Journal de l'année Édition 1971 1971Éd. 1971

Pas de très grandes nouveautés dans les matériaux. La construction se réalise toujours à partir de procédés désormais traditionnels, où le béton, le verre et l'acier (murs-rideaux) jouent un rôle sans surprise. Le plastique reste le matériau dont on attend beaucoup, mais il est encore souvent difficile de savoir jusqu'à quel point on peut compter sur lui, tant les surprises qu'il réserve sont nombreuses et parfois inattendues.

De louables efforts sont entrepris afin de laisser l'architecture bénéficier le plus possible de cet appoint sans lequel elle reste presque toujours incomplète : l'œuvre d'artistes ; sculpture, fresque, mosaïque, composition picturale polychrome. Une exposition Art et architecture-bilan et problèmes du 1 % s'est tenue aux Halles ; elle a remporté un très vif succès.

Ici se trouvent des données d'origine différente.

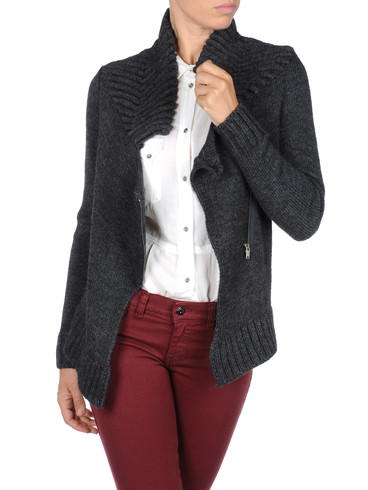 DIESEL - Pullover - M-KIRI
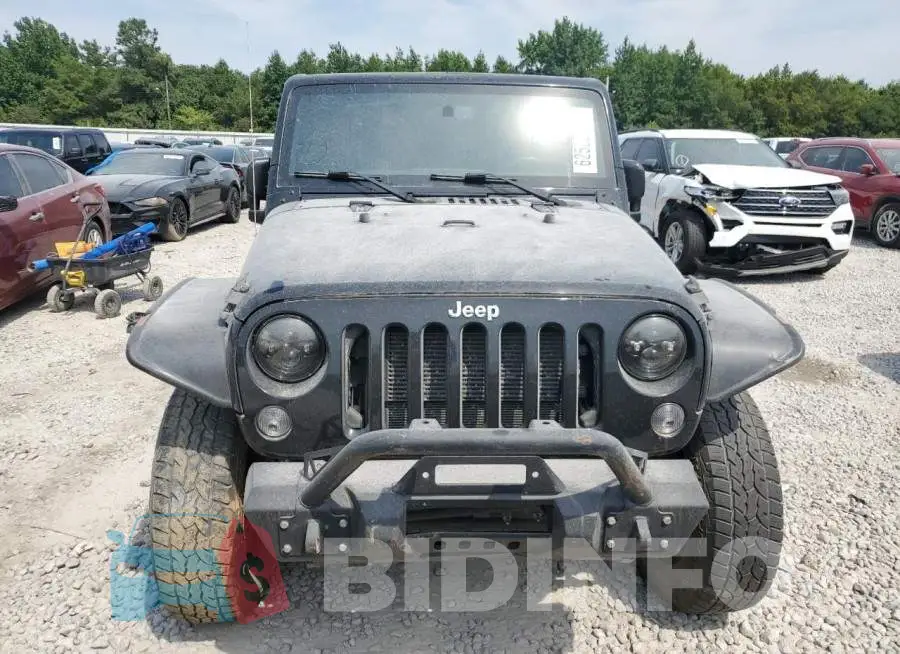 1C4BJWEG7FL654113 Photo# 5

Vis-à-vis de cet environnement dont on s'efforce à l'heure actuelle de déterminer les limites exactes, le contenu et même les définitions, l'œuvre d'art monumental s'impose et se justifie dans chaque cas. Ce ne sont pas toujours les artistes chevronnés qui brillent dans cette démonstration de talents. Bien des jeunes, auxquels les architectes accordent leur confiance, trouvent dans les travaux réalisés au titre du 1 % de magnifiques occasions de s'exprimer pleinement, et de révéler des qualités qu'ils n'auraient pas eu les moyens de démontrer ailleurs.

Fonction et beauté

On s'est penché aussi sur le dossier du mobilier urbain, et une exposition en a indiqué les grandes lignes. Il aura fallu des décennies pour faire prendre conscience au piéton — et aux responsables de nos rues — de la laideur des bancs, des lampadaires, des corbeilles à papier et des abris d'autobus, qu'ils côtoyaient sans y prêter attention. Sensibilisés, ils sont aujourd'hui plus attentifs ; on s'efforcera de ne pas les décevoir et de penser toujours que fonction n'est pas obligatoirement synonyme de laideur, et qu'une boîte aux lettres peut devenir un bel objet sans perdre pour cela ses qualités premières.

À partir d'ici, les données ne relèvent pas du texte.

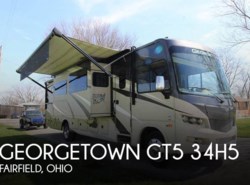 Used 2020 Forest River Georgetown GT5 34H5 available in Fairfield, Ohio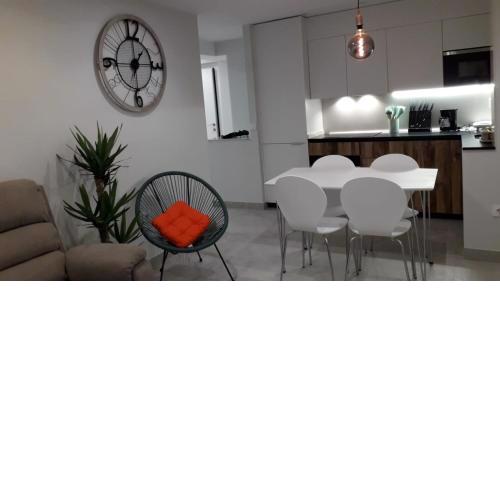 Apartamento Natura Mar Almería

À l'étranger, rien de saillant, sinon une sorte de course aux records : construire toujours plus haut. Les buildings du Trade World Center de New York regarderont avec mépris l'Empire State. Mais rien dans leur conception, leur exécution ni leur aspect définitif ne présente quelque nouveauté que ce soit. Ils se contentent d'être plus grands, tel le Jumbo, qui n'est rien d'autre qu'un avion plus vaste.

Une année de stagnation, c'est certain, mais peut-être un palier d'où s'élanceront de nouvelles techniques, de nouvelles tendances ? L'architecture plafonne. Souhaitons que ce soit pour mieux chercher de nouvelles destinations. Il lui faut reprendre son souffle, faire un peu le point. Surtout si elle veut respecter à tout prix le bonheur de l'homme pour qui elle s'élabore. Au lieu de se borner à respecter des budgets et des plannings, dans un monde où elle investit, l'un après l'autre, les derniers retranchements de la nature, auquel elle vole ses derniers arbres et envoie en exil ses dernières fleurs et ses derniers oiseaux.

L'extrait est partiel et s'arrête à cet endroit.